Hereditarily countable sets

Question

I have some trouble with hereditarily countable sets.

Let $H_\kappa=\{x:|trcl(x)|< \kappa\}.$ Prove the following.

a) For every infinite cardinal $\kappa$, $H_\kappa$ is transitive.

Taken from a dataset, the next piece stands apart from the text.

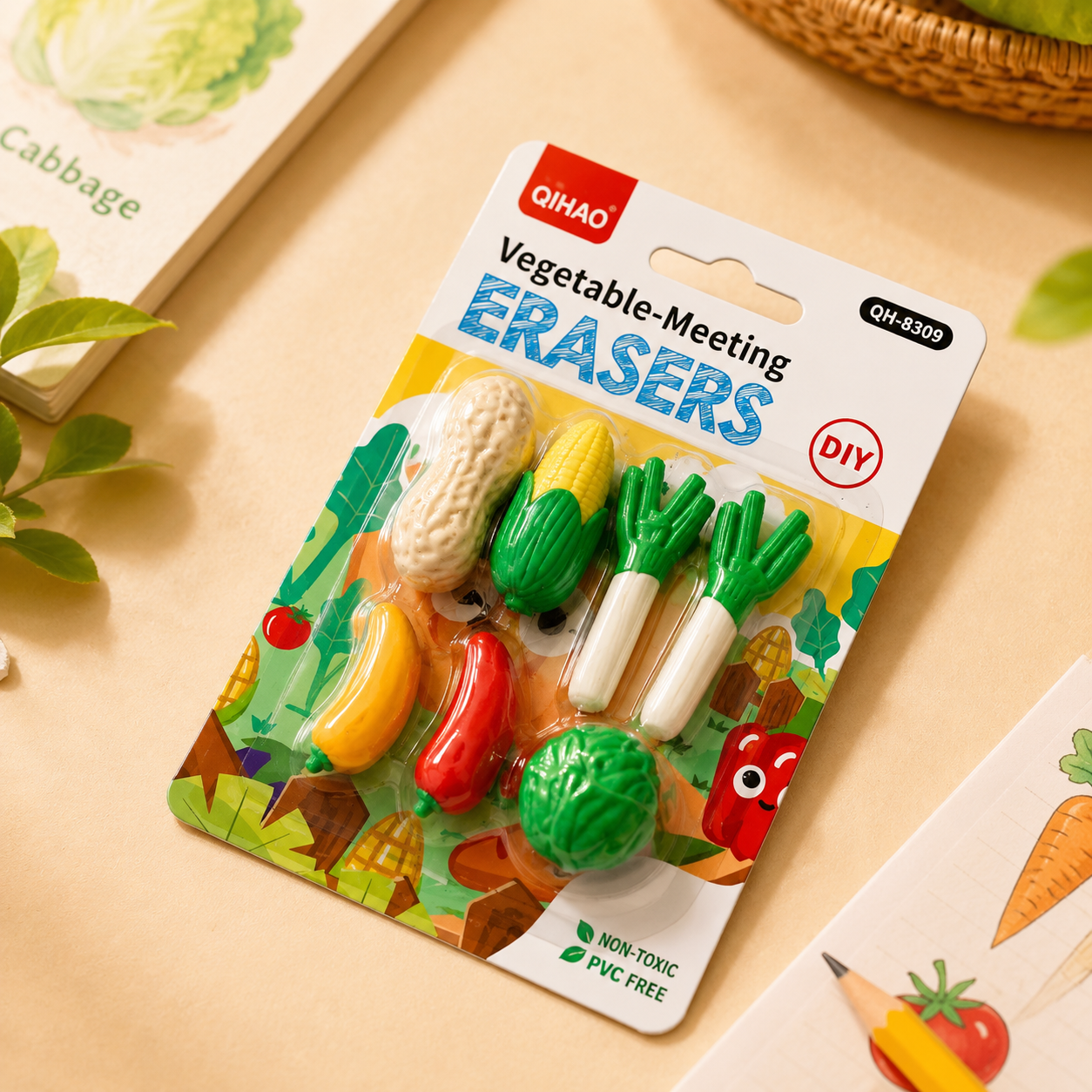 Vegetable-Meeting 3D Puzzle Eraser Set (12-Piece Pack)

b) For every infinite cardinal $\kappa$, $H_\kappa \cap ORD=\kappa$, where $ORD=\{x:x$ is an ordinal$\}$

c) For every infinite cardinal $\kappa$, $H_\kappa \subseteq V_\kappa$, where $V_\alpha$ is defined as follows :$\alpha$ is an ordinal $V_0=\emptyset, V_\beta = \mathcal P(V_\alpha)$, and if $\gamma$ is limit ordinal, $V_\gamma=\cup\{V_\alpha:\alpha<\gamma\}$.

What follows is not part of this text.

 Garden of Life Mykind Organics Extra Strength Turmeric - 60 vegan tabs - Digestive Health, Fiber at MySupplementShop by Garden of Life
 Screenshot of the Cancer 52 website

d) For every regular uncountable cardinal $\kappa$, $H_\kappa = V_\kappa$ iff $\kappa$ is strongly inacessible.

This is my working so far.

For a). Let $z \in x$. Note that $|trcl(z)|< |trcl(x)| <\kappa$. Thus $z \in H_\kappa$ and hence $x \subseteq H_ \kappa$. Thus $H_\kappa$ is transitive. (Is this correct?)

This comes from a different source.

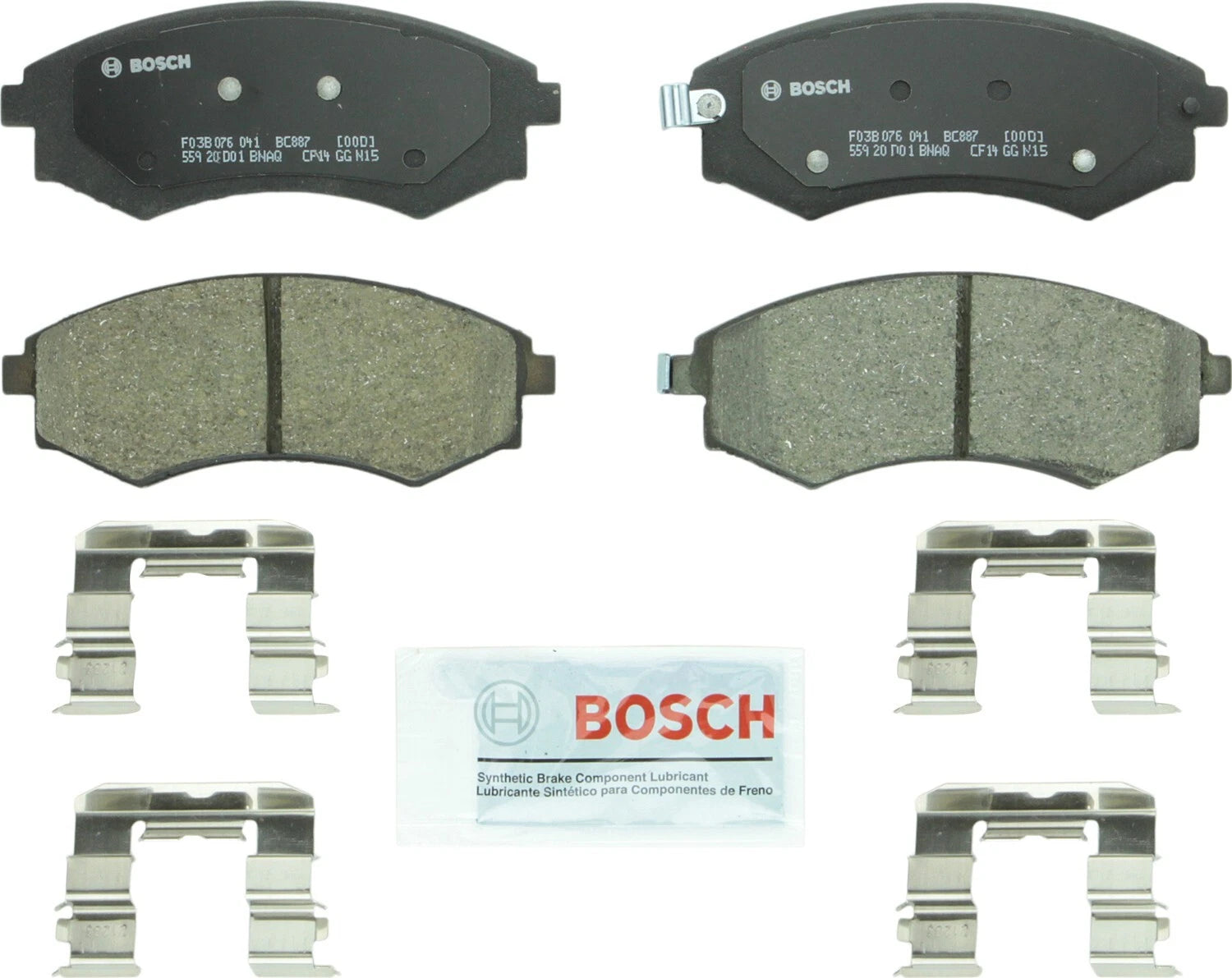 Front QuietCast Ceramic Brake Pads with Hardware for Bosch (BC887)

For b). $ORD$ is transitive and since $x \subseteq ORD$ then $ trcl(x) \subseteq ORD$. Then I am stuck here.

I am stuck for c) and d) too. Help would be greatly appreciated.

Answer 1

(a) is correct except that it should be $|\operatorname{trcl}(z)|\le |\operatorname{trcl}(x)|.$

(b) If $\alpha$ is an ordinal then $\alpha$ is transitive, so $\operatorname{trcl}(\alpha)=\alpha.$

(c) Prove that for any $\alpha < \operatorname{rank}(x)$ there is a $y\in \operatorname{trcl}(x)$ with $\operatorname{rank}(y)=\alpha.$ It follows that $|\operatorname{rank}(x)|\le|\operatorname{trcl}(x)|.$

(d) If $\kappa$ is not a strong limit, it's easy to find an set in $V_\kappa\setminus H_\kappa.$ For the converse, show that if $\kappa$ is strongly inaccessible, $|V_\alpha|<\kappa$ for every $\alpha<\kappa.$